Her eyes flew to the clock. It was already five past two, and she hadn’t got to the hall yet! She knew she should put the piece of paper in the bin, be the responsible one, but it was a bit of a walk away and in completely the wrong direction. To save herself time, and because there was some niggling thought at the back of her mind that ‘Just in case you need it’ was a message to someone, maybe even a message to her, she folded it up neatly and popped it into her mandir plastic bag with Swami Bapa’s face staring up at her, safe and sound.
She spotted Naina’s husband Mukesh peering through one of the windows of the wooden doors, which separated the main hallway from the hall itself.
‘Eh, what are you looking at? This is ladies only! Shoo!’ Indira joked.
‘Kemcho, Indiraben. I’m just watching, making sure she is okay. I promised I would stay.’ His voice was shaking slightly, his eyes were red, tired.
‘You’ll do your back in peering like that!’
‘Indiraben, you understand. Look,’ he gestured into the hall and Indira’s gaze followed, her elbows resting on her mandir-branded Zimmer frame. ‘I must look after her.’

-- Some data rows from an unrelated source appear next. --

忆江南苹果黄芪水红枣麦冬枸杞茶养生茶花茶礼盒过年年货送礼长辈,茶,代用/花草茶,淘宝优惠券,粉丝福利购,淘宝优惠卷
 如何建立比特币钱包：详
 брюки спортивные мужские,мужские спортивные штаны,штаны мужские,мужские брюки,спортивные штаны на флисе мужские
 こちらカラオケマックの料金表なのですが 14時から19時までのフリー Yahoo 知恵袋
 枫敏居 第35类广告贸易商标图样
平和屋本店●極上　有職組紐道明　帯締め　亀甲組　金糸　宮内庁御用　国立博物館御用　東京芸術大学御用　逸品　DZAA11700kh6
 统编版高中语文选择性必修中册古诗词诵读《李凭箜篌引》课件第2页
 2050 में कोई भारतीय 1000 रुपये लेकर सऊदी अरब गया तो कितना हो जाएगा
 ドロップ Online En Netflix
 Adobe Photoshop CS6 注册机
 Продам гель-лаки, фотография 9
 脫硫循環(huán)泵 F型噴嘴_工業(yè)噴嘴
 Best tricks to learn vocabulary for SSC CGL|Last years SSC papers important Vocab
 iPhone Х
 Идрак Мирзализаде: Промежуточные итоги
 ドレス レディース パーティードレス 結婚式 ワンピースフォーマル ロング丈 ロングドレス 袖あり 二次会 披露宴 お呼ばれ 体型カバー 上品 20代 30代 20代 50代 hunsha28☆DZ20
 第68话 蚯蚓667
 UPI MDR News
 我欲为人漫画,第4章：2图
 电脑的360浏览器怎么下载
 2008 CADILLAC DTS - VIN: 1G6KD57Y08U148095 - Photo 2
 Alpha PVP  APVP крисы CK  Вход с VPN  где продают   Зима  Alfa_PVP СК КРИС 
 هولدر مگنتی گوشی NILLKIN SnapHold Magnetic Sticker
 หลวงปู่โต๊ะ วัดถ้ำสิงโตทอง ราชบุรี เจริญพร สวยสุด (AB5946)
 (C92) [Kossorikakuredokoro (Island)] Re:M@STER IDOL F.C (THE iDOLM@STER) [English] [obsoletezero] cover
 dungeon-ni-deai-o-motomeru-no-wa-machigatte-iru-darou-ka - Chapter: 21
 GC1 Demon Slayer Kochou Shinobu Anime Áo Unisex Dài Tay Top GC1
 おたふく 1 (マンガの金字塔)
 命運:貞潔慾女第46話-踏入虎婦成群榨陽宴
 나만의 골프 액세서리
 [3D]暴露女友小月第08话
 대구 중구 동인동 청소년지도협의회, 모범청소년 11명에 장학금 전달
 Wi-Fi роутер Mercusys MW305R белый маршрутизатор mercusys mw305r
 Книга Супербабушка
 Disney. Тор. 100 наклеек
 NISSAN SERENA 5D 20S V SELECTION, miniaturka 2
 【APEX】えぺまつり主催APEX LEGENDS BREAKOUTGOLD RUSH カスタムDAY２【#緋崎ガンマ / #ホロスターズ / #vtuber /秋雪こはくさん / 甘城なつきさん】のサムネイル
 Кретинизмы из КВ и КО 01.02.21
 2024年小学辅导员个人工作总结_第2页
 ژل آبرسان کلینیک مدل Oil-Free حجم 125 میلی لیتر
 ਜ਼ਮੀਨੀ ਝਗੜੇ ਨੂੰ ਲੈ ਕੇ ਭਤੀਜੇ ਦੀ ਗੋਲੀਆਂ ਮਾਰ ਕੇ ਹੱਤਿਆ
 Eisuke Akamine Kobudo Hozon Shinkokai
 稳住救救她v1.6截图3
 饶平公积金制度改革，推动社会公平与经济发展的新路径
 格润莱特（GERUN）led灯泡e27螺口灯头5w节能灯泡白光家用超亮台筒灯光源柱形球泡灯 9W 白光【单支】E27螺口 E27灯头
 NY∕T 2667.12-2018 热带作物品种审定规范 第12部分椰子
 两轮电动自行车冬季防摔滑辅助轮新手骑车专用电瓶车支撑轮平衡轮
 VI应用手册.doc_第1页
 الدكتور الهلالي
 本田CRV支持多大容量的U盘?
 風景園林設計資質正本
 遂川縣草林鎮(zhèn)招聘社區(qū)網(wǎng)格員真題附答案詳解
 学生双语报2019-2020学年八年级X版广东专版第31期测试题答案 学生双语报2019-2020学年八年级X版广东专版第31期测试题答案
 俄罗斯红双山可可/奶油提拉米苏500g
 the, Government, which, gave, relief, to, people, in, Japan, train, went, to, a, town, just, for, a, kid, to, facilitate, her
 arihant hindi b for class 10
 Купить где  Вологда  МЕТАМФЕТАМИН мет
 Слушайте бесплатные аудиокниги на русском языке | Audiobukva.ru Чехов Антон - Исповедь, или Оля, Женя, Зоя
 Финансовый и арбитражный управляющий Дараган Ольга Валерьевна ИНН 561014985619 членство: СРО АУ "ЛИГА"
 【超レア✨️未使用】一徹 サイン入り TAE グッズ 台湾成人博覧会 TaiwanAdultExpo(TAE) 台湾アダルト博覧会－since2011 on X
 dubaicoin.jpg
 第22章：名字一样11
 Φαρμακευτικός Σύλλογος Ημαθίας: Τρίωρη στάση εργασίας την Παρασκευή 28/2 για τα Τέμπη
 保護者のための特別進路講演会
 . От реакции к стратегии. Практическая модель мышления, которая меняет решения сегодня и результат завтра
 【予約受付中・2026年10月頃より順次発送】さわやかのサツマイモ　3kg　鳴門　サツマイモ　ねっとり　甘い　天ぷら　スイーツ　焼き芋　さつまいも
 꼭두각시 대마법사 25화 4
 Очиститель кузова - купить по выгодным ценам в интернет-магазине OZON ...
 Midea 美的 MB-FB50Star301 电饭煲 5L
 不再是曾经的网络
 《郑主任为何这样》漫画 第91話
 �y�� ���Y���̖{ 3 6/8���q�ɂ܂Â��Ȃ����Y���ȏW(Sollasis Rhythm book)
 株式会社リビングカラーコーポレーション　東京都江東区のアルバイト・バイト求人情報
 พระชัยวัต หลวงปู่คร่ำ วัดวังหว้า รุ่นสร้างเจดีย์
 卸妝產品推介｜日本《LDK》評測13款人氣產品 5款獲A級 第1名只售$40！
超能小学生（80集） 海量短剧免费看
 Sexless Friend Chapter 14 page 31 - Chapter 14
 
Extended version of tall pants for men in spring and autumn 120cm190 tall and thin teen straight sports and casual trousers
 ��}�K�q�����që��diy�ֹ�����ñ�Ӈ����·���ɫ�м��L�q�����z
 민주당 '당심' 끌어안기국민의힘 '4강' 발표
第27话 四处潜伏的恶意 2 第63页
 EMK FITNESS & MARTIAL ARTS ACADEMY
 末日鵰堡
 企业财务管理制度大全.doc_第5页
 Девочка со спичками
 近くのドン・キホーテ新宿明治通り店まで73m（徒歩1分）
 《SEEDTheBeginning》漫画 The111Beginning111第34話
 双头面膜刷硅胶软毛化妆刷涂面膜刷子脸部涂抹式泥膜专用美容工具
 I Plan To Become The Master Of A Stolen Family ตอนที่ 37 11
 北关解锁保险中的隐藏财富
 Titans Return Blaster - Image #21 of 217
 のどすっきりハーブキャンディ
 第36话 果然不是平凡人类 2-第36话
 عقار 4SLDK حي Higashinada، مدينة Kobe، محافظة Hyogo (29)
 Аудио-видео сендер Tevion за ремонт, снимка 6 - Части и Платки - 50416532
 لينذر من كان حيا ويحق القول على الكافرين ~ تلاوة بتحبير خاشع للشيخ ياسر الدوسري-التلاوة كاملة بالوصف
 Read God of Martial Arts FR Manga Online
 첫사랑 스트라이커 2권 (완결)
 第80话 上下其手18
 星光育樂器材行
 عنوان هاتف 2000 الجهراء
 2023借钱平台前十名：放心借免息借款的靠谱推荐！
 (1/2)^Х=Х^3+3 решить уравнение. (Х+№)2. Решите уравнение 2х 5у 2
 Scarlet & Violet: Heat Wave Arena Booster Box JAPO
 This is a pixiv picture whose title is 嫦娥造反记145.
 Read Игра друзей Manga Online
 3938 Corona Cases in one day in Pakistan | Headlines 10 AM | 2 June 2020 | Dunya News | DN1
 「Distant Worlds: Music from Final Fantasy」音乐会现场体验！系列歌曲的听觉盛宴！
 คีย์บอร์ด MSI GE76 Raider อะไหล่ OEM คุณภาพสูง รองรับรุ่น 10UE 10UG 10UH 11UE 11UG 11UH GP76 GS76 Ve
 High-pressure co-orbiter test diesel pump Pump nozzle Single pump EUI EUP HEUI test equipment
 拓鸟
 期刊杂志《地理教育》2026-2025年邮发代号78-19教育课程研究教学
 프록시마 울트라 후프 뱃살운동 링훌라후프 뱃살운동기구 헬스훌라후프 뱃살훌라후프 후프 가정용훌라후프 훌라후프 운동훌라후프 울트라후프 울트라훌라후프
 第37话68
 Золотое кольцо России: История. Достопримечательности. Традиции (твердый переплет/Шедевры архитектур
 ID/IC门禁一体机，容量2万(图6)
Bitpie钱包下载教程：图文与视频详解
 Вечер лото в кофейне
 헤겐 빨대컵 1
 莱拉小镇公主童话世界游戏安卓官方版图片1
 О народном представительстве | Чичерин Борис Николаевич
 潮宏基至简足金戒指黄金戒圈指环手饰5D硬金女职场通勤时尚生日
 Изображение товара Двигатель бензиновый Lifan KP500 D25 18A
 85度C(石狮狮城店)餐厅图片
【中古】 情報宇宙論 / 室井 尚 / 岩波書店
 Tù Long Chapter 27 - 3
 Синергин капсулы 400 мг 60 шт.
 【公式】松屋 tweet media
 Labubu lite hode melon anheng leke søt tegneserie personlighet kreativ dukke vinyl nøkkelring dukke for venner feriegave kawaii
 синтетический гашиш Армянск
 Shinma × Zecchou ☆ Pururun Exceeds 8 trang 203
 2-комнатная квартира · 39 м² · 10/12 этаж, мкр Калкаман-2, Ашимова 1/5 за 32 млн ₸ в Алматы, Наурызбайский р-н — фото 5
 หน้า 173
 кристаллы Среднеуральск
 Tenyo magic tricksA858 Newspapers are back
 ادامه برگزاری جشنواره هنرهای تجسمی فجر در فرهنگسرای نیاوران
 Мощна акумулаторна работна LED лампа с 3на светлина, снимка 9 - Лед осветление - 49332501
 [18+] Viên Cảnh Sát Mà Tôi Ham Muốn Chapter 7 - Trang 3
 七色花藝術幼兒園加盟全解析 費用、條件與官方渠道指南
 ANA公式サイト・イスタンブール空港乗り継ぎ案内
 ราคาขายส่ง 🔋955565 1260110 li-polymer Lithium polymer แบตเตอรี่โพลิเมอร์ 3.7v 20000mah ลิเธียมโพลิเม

Naina looked so different. Her hair, usually jet black and plaited, was today covered completely by an old sari that didn’t match the rest of her outfit. That was very unlike Naina, but Indira didn’t say anything to Mukesh. He was watching his wife so intently, as though, if he were to look away, she might disappear entirely.
Naina’s face was shrunken, but her expression was the same as always – vibrant, animated. Indira could sense a heaviness in Naina’s eyelids, even from here, but her arms were gesticulating in time with the music and her mouth was open wide: she was putting all her energy into the song. Perhaps this song was giving her life right back. The women, seated in chairs or on the floor, were all clapping in time, their saris and Punjabi dresses a sea of colour.
If it wasn’t for Naina’s shrunken stature, a stoop in her shoulders that Indira had never noticed before, her slender face, the scarf over her head, Indira would have never believed that Naina had cancer. But there were all those things, clear to see, and Indira wondered why God had chosen her. Why Naina? Naina had a family. Loved ones. Indira – Indira was as healthy as anything, and she barely had a soul left to love her.
‘I must go in,’ Indira said to Mukesh, who nodded, his mouth turned downward. He held the door open for her as she wheeled herself in.